# [Task statement]
In the records below, tally the lines that contain the word "presented" and give only that number.

---- Material for this exercise

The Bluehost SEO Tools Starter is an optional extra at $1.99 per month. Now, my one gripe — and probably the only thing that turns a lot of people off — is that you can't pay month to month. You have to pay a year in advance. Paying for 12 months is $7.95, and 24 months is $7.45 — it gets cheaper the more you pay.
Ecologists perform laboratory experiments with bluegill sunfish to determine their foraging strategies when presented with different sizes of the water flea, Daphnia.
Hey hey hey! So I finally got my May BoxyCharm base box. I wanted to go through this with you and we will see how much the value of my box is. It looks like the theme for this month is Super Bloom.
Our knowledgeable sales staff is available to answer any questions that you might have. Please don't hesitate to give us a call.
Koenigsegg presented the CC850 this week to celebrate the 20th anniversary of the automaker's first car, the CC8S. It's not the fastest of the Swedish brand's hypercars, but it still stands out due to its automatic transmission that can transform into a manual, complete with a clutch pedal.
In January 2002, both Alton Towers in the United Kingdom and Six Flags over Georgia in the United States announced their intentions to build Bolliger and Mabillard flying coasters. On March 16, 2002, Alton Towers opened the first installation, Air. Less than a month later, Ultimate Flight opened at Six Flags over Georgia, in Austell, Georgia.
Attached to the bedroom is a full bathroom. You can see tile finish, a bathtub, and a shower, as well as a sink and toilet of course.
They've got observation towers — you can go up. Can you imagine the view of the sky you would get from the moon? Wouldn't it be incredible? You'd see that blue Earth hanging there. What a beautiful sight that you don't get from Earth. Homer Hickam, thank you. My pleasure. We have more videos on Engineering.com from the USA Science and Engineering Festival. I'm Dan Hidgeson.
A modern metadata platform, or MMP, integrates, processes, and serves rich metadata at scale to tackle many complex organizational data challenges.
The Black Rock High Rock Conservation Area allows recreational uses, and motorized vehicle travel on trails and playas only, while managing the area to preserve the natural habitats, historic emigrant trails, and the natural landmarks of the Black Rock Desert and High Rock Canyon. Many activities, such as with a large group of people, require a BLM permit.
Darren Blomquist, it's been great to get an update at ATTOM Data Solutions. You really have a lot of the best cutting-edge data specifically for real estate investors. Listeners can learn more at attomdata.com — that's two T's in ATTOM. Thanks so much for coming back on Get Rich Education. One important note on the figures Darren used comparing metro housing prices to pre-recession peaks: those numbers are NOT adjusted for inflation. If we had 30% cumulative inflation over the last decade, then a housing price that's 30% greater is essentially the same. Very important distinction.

--------

# [Exercise solution]
2